43 : #include "methodjit/Compiler.h"
44 :
45 : namespace js {
46 : namespace mjit {
47 :
48 : /*
49 : * The LoopState keeps track of register and analysis state within the loop
50 : * currently being processed by the Compiler.
51 : *
52 : * There are several analyses we do that are specific to loops: loop carried
53 : * registers, bounds check hoisting, and loop invariant code motion. Brief
54 : * descriptions of these analyses:
55 : *
56 : * Loop carried registers. We allocate registers as we emit code, in a single
57 : * forward pass over the script. Normally this would mean we need to pick the
58 : * register allocation at the head of the loop before any of the body has been
59 : * processed.
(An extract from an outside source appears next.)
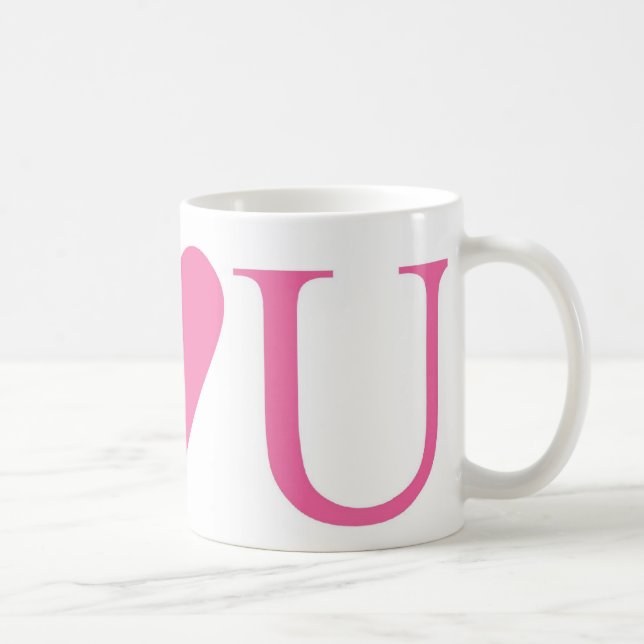 I LUV U COFFEE MUG (Right)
Instead, while processing the loop body we retroactively mark
60 : * registers as holding the payload of certain entries at the head (being
61 : * carried around the loop), so that the head's allocation ends up holding
62 : * registers that are likely to be used shortly. This can be done provided that
63 : * (a) the register has not been touched since the loop head, (b) the slot
64 : * has not been modified or separately assigned a different register, and (c)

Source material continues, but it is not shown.